Over the course of our lives, each of us develops our own color preferences, a repertoire of favorite colors through which we communicate something to our environment, with which we identify and through which we distinguish ourselves. We use these colors specifically to achieve effects on the experience and behavior of other people. We do not use a single favorite color, but a palette of proven colors with which we can best achieve the desired effect. This also explains the contradiction between stating our favorite color and its lack of presence in our everyday lives. If we particularly like blue, this does not mean that we particularly like to buy blue products, eat blue food or look at blue things most attentively and for the longest time. Rather, it means that when we were looking for our favorite color, we may have thought of things we particularly enjoy doing, like swimming in the sea under a cloudless summer sky.
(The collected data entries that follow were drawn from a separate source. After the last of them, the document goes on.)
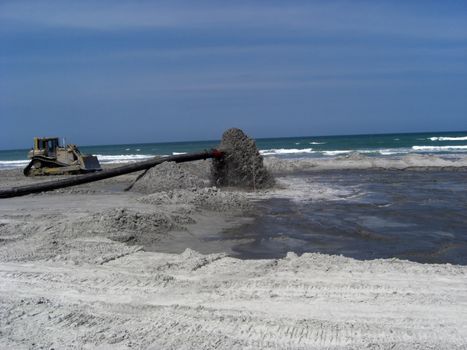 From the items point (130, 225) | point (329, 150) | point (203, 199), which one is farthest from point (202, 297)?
point (329, 150)

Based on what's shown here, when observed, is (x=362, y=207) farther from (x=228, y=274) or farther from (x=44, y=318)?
(x=44, y=318)

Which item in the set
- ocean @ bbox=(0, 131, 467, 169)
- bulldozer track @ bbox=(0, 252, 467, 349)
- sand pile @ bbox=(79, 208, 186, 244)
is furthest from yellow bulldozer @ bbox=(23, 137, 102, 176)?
ocean @ bbox=(0, 131, 467, 169)

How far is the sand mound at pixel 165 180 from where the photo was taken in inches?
588

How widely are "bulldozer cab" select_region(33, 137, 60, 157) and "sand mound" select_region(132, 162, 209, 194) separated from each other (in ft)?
29.1

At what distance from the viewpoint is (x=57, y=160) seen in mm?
23062

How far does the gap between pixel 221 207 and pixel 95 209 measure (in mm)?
2795

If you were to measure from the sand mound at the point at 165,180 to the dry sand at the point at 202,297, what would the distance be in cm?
570

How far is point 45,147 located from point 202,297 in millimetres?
19716

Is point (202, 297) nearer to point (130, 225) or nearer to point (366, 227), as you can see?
point (130, 225)

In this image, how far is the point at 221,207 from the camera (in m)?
12.5

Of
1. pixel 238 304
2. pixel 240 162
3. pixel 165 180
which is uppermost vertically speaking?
pixel 240 162

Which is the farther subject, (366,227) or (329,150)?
(329,150)

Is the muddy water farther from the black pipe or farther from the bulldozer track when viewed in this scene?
the black pipe

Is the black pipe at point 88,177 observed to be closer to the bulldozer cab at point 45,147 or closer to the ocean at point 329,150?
the bulldozer cab at point 45,147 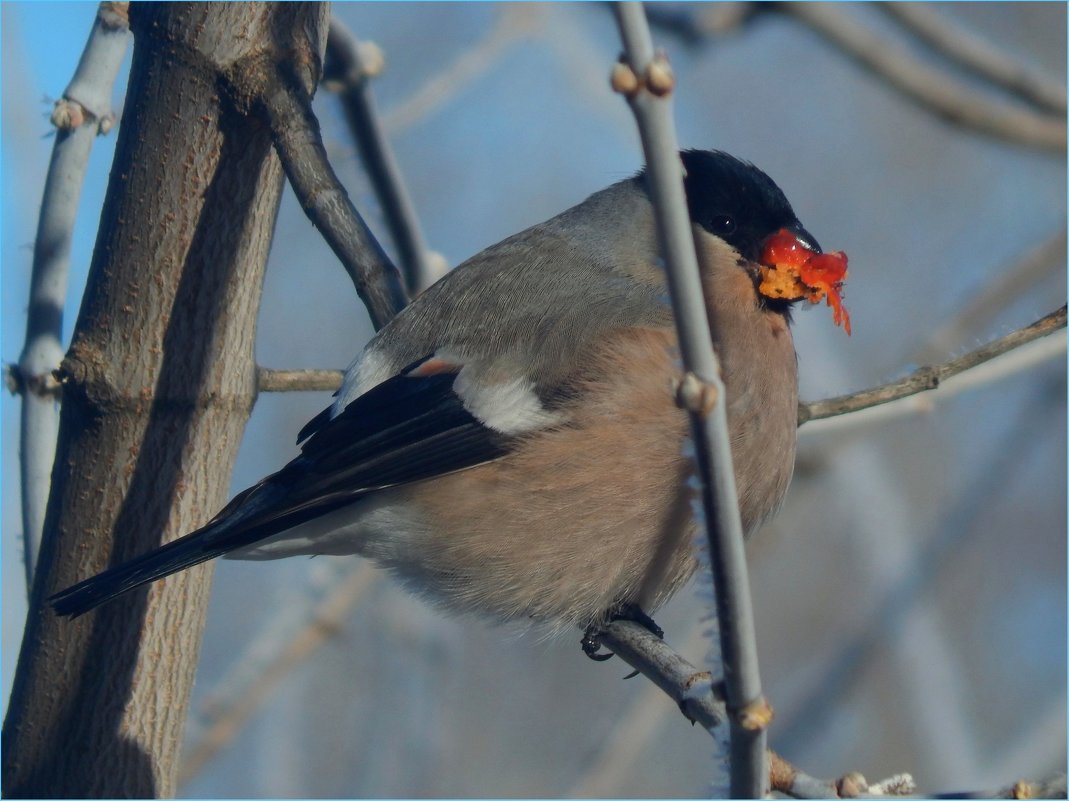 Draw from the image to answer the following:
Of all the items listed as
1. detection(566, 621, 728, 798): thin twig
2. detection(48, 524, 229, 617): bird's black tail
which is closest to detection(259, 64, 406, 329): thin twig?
detection(48, 524, 229, 617): bird's black tail

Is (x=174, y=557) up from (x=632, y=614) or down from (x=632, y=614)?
up

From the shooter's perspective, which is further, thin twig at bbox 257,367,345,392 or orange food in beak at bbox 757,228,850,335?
orange food in beak at bbox 757,228,850,335

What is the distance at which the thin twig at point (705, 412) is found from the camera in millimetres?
1002

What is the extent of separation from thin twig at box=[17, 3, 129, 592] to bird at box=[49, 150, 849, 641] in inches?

The same applies to the question of the most unpopular colors, where brown comes off worst in our culture, because we immediately think of the symbolic color of fascism. In reality, brown has a completely different effect. We appreciate the natural color of brown earth and wood, the fur of many animals, the use of brown clothing and brown natural materials in product design and interior design. Most people love the spicy taste of brown indulgences such as chocolate, cake and coffee. If a color looks delicious, it stimulates our appetite and tempts us to consume it, whether we like it or not. If a color or color composition looks beautiful and seductive, it triggers desires and desires, whether we are aware of it or not. Colors affect our experience and behavior, whether we know the causes or not.
Everyone is a color expert, as we have all felt and perceived the effects of colors since birth, as soon as we interact with the vividly visible environment. Color memory forms an important part of every person’s life experience and a reliable basis for our actions. This is precisely why we are particularly disappointed when something is not as it seems or behaves as the color promises. We don’t like it when beautiful colors don’t dress us, when delicious colors don’t taste good or when we don’t feel good in tasteful colors. We react angrily when colors demand our attention and yet have nothing to give or tell us.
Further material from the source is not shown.